Isn’t it time to turn off the automatic-pilot?
Thinking back, I recall a Shabbos Drash a few years ago by Rav Chaim Zev Malinowitz, Shlita, just before Rosh Chodesh Menachem Av. In that Drash, R’ Malinowitz noted: that we’ve got to feel the void of being without, and feel the need for the Beit HaMikdash. He suggested that we say and internalize daily the Parsha of The Tamid Offering. He equated The Tamid Offering with Sh’ma Yisrael. And he equated the second paragraph of Aleinu with the “Y’hei Sh’mei Rabbah…” — “May His great Name” of the Kaddish.
The Artscroll siddur (page 56 in Nusach Sefard edition) explains that:
“Y’hei Sh’mei Rabbah…” has an enormous cosmic effect…. Halacha states… respond[ing] to Kaddish takes precedence over… respond[ing] to any other prayer, even Kedusha or Borchu. (Mishne Breurah 56:6)
The Talmud (Shabbos 19) teaches that one must respond “Y’hei Sh’mei Rabbah…” with… his total concentration (Rashi, Tosafos).
And so, Rav Malinowitz connected the second paragraph of Aleinu: the “Al Kein N’kaveh L’cha” — which we learn was the prayer of Teshuvah uttered by Achan, who violated Hashem’s ban on taking spoils from Yericho [Holy to Hashem and pegged for Mishkan Treasury (The Living Nach, Early Prophets, pages 17-18)], he connected the second paragraph to the “Y’hei Sh’mei Rabbah…” of Kaddish. Just an additional note here: We learn that the first three letters of the paragraph “Al Kein N’kaveh” — Ayin Kaf [or Khaf] Nun — spell out Achan’s name.

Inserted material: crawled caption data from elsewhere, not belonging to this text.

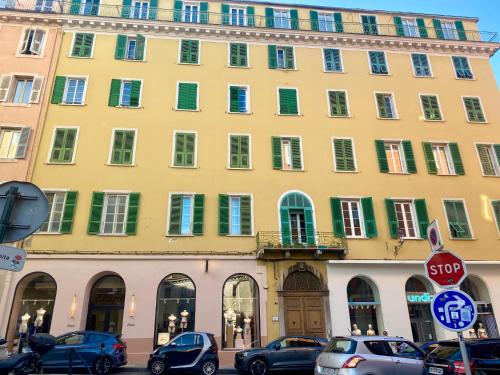 Beautiful, hyper-center apartment - Location saisonnière - Bastia
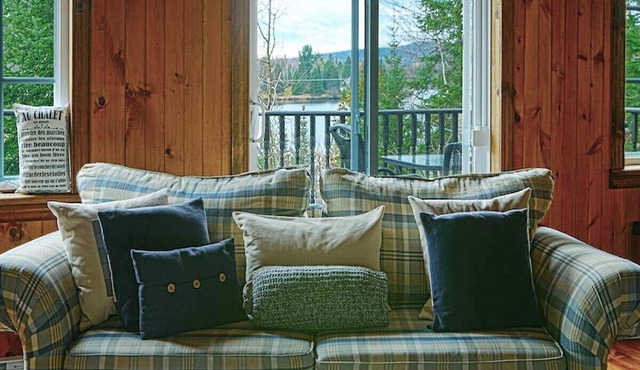 Super cute cedar chalet surrounded by the forest with access to water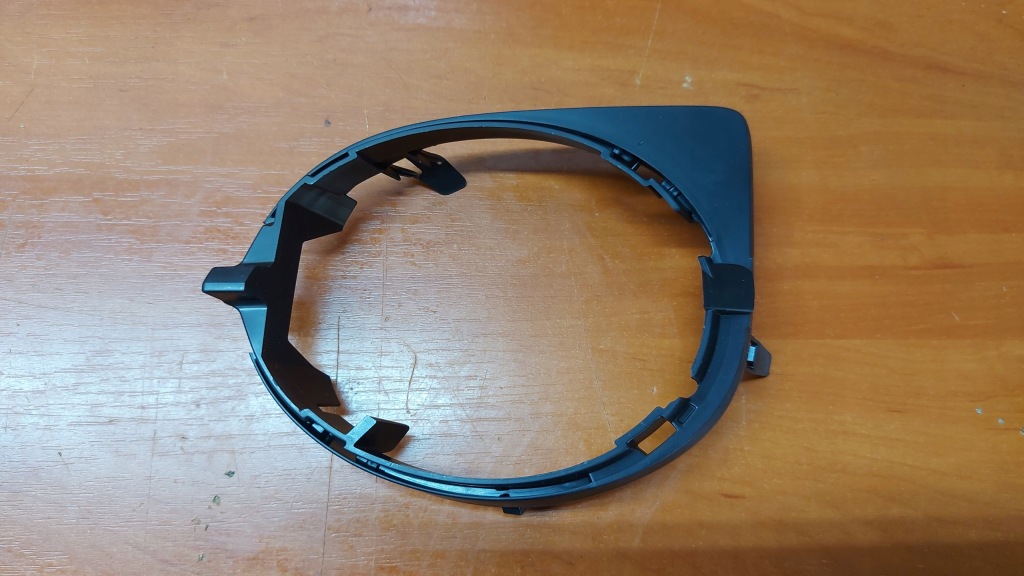 фото №1, Решітка рамка протитуманної фари ліва лівий перед toyota rav4 iii 10-12 lift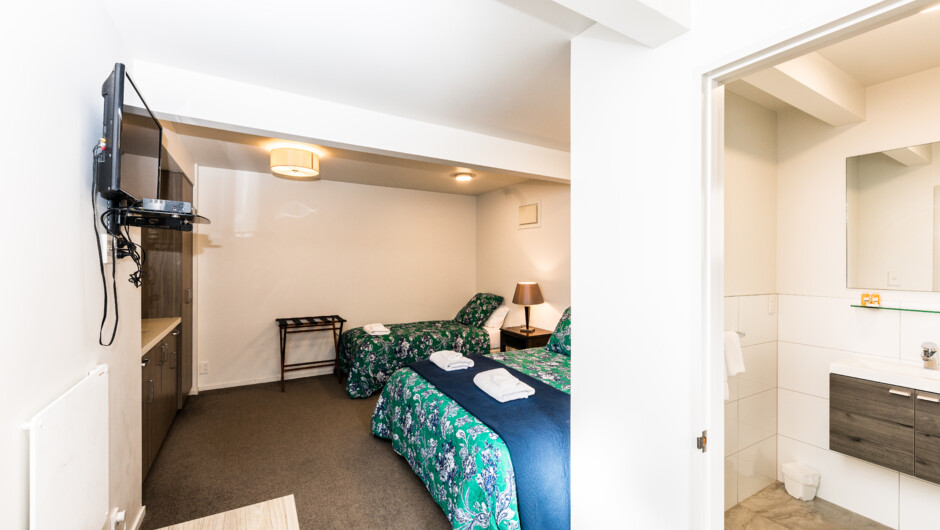 Family Triple room with a Queen bed &amp; a Single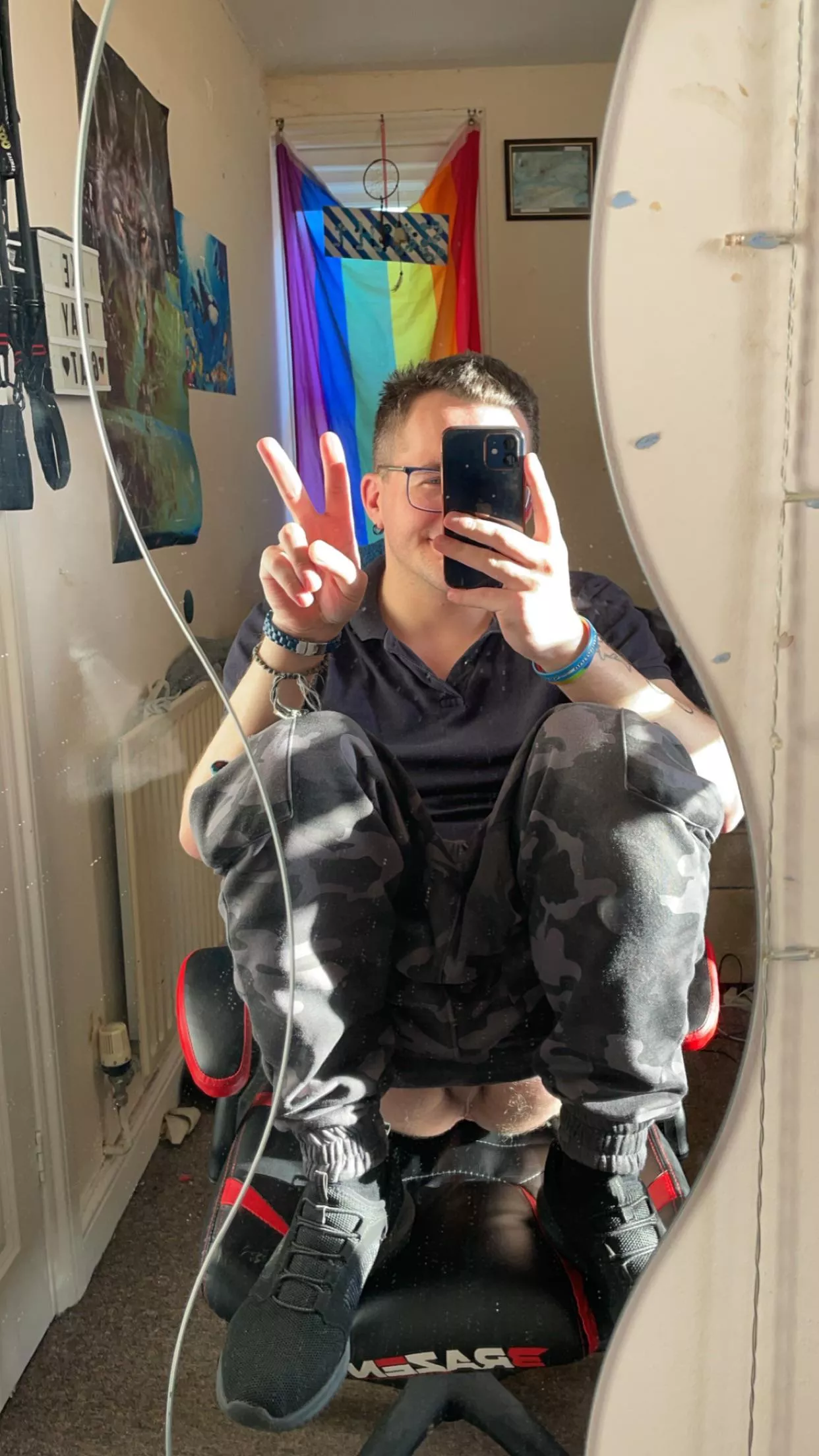 Can i game on ur lap :3 posted by ItsBlueMultiverse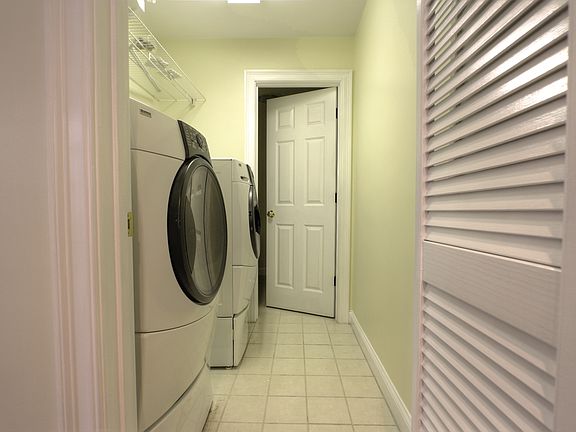 3rd image of 11 Grantley St
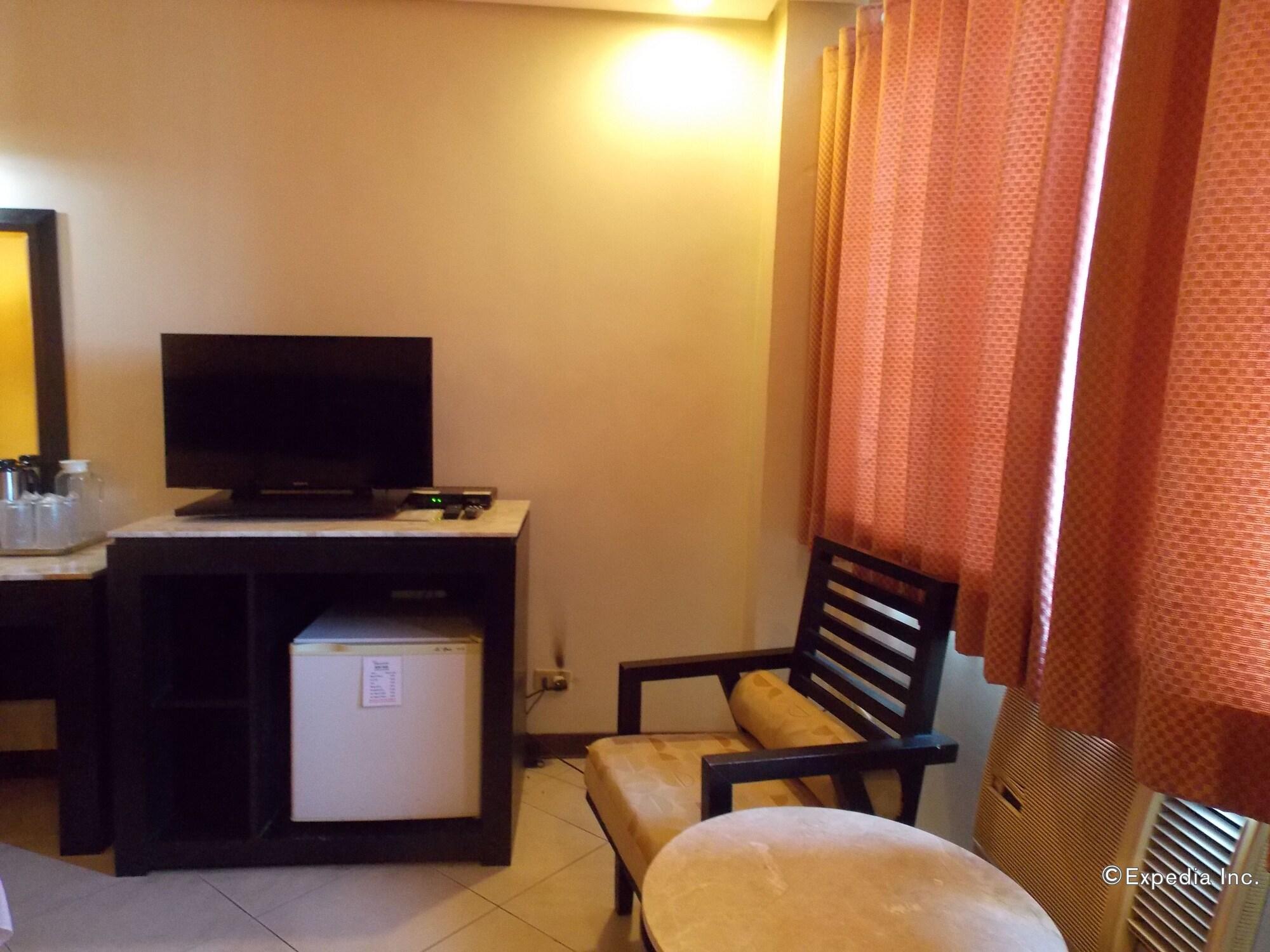 Hotel Goldenfield Kundutel Bacolod Esterno foto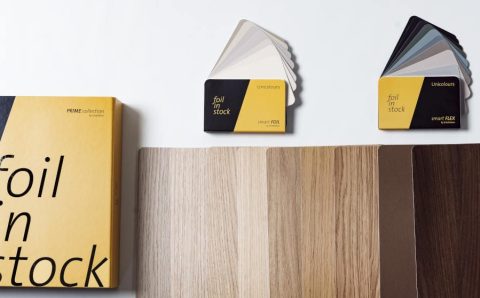 Schattdecor - folder z dekorami i przykładowe kolory zaprezentowane na białym tle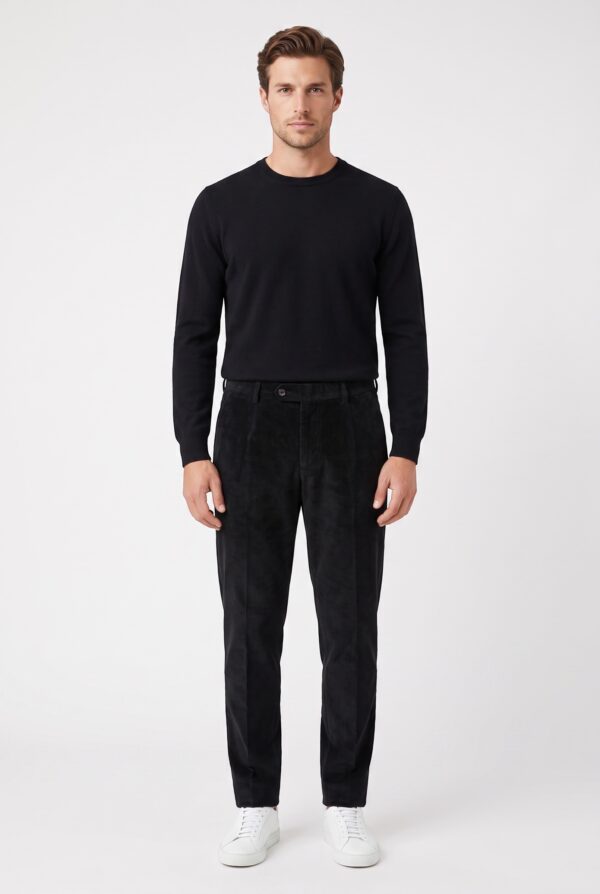 PANTALONE SLIM FIT IN VELLUTO ARMATURATO COLOR NERO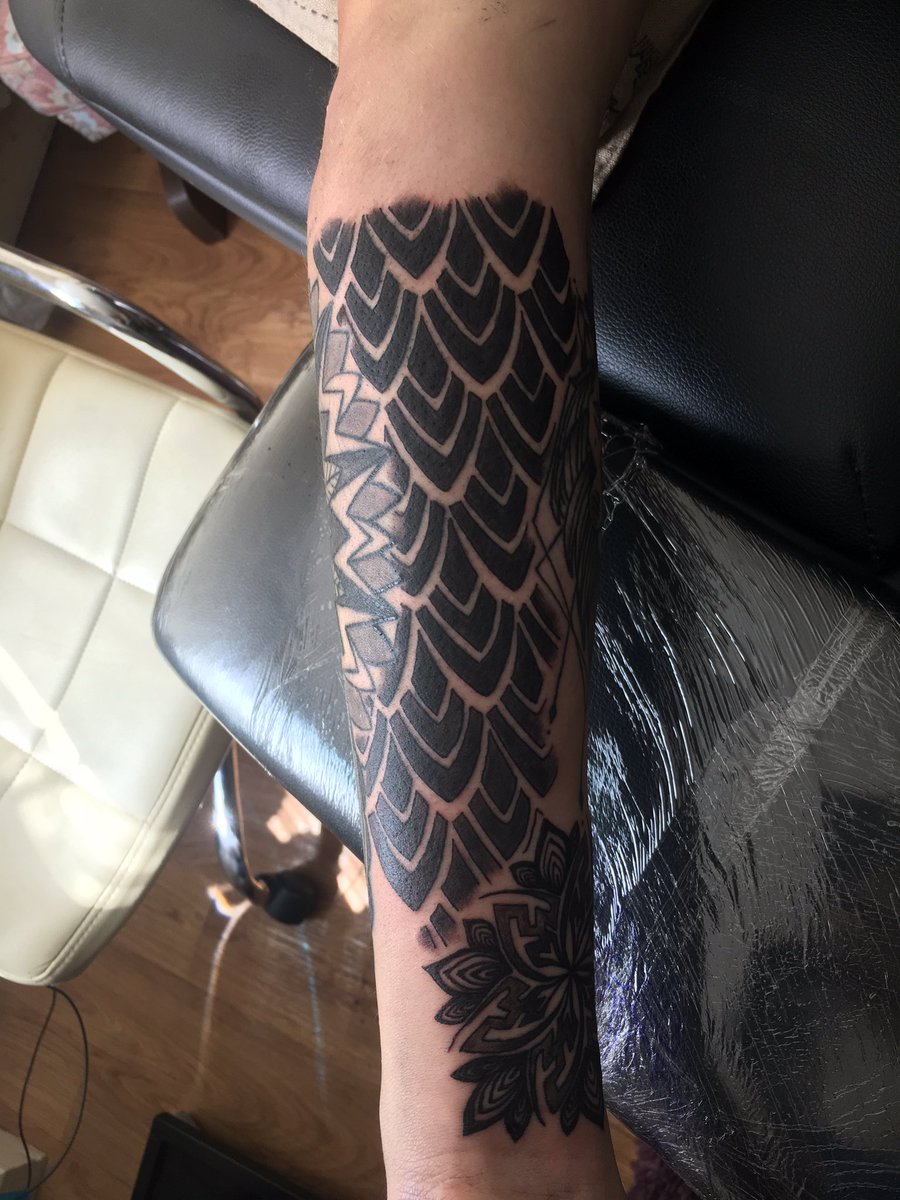 tattoosbylyns's tweet photo. Filling gaps! #tattoo #sleeve https://t.co/jd3xYSzOWR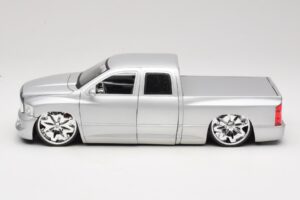 Dodge Ram Tuned Silber Jada 1:18 63162-SM Metall — Bild 4 von 8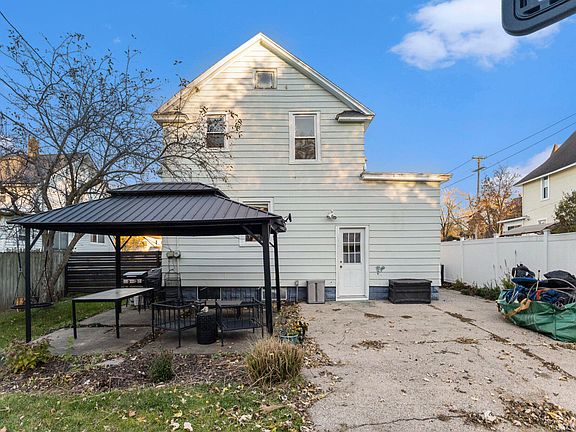 4th image of 526 Central Ave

He cited as an example; someone who acquired a property and enters the bank to apply for a loan to start up a business on the property. If the applicant has no formalized written business plan, only the spoken word with no facts and figures to back it up, he’s rejected out-of-hand. But with a formal business plan, architectural plans, etc, his loan request has a chance of being satisfied.
So it would seem that “Y’hei Sh’mei Rabbah…” — “May His Great Name be blessed forever and ever” stands as the mission statement of the “business plan” of B’nei Yisrael, whereas the second paragraph of Aleinu: the “Al Kein N’kaveh L’cha”: “Therefore, we put our hope in You, Hashem…” is the nuts and bolts, the details, the achitectural drawings, etc. of making the “business plan” a reality, making it happen. The second paragraph of Aleinu, rather than being an overlooked, ignored or mumbled afterthought, seems the justification behind B’nei Yisrael’s pleas to Hashem to bring us the Ge’ula Shlaima and to restore our Beit Hamikdash and the actualization of our Mishkan, our Menorah and our daily offerings.
Rabbi Asher Baruch Wegbreit of Yeshivat Birkat HaTorah, in his sefer, “The Power of Aleinu”, based on The Abudraham, discusses the deep meanings of each posuk of Aleinu. I hold that this sefer belongs being among the s’forim on the shelves of EVERY Observant home and Orthodox Shul (even Chabad).
Rabbi Wegbreit wrote in the forward to his sefer (page 23):
I am not aware of any other single prayer that… enables you to fulfill a total of 30 mitzvot d’Oraisa (Torah Commandments). These mitzvot include two of the Ten Commandments, and all of them are fundamental components of our faith and existence as Jewish people. And since reward for the fulfillment of just a single Torah mitzvah is limitless, think what you can accomplish every time you recite Aleinu in a proper manner.
It is clear that the general public is not aware of this…, as most of the time they breeze through these holy words while rushing out of shul.
R’ Wegbreit goes further noting on Aleinu’s 2nd paragraph (page 100):
If we’re preoccupied with our daily concerns, apathetic to Hashem restoring His Divine Presence, and we mindlessly mumble words asking for the Redemption without meaning it, we will witness a “mundane” Redemption — i.e., through political and technological developments. But if we pray for the Redemption as is mentioned in our daily prayers, including Aleinu, with great fervor on a persistent basis, and if we put our emotions into them and actually, sincerely “hope to Hashem,” we can trigger an extremely miraculous Redemption — full of stunning events that will be far beyond those that took place during Yetziyot Mitzrayim.
R’ Wegbreit then summarizes (page 101):
Given our unique relationship with Hashem and our vantage point in the world, we can use the powerful tool of hope to encourage Hashem to incline toward our prayers and redeem us in a spectacular fashion.